**Provided records**

%%

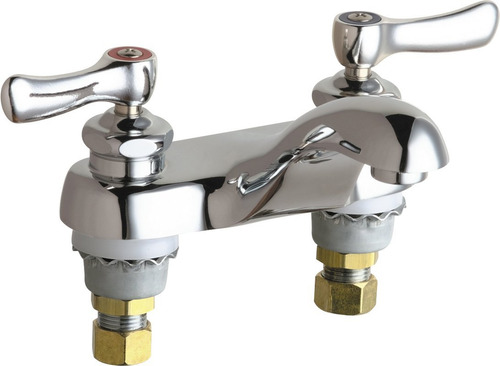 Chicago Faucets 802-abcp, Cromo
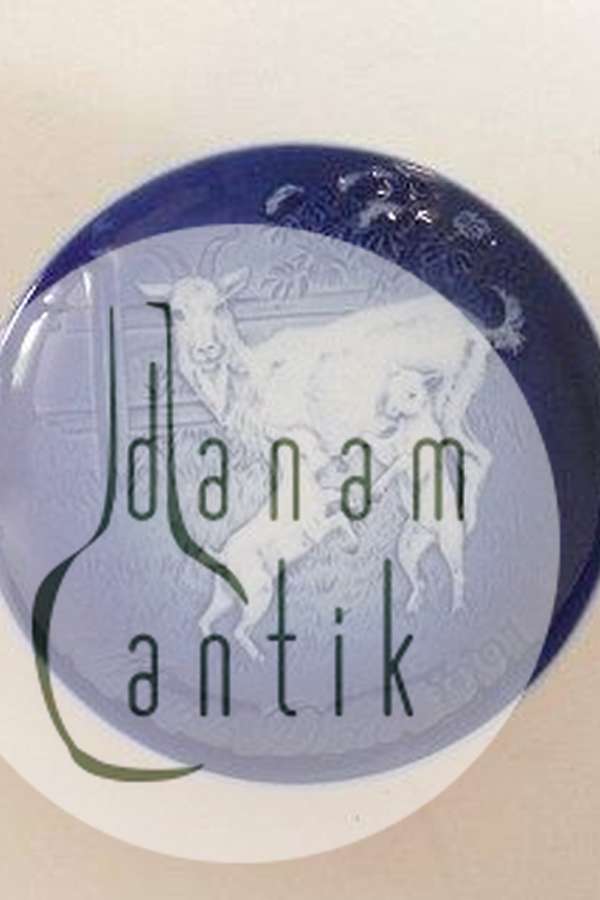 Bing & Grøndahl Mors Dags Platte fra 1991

%%
%%

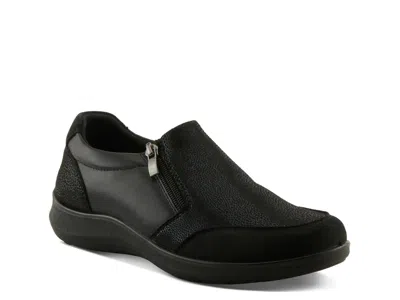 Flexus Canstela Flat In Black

%%

**The task**
What you return must match, character for character, the lines above from the one with "Chicago Faucets 802-abcp, Cromo" through the one with "Bing & Grøndahl Mors Dags Platte fra 1991", minus any pictures.

**Completed task**
 Chicago Faucets 802-abcp, Cromo
 Bing & Grøndahl Mors Dags Platte fra 1991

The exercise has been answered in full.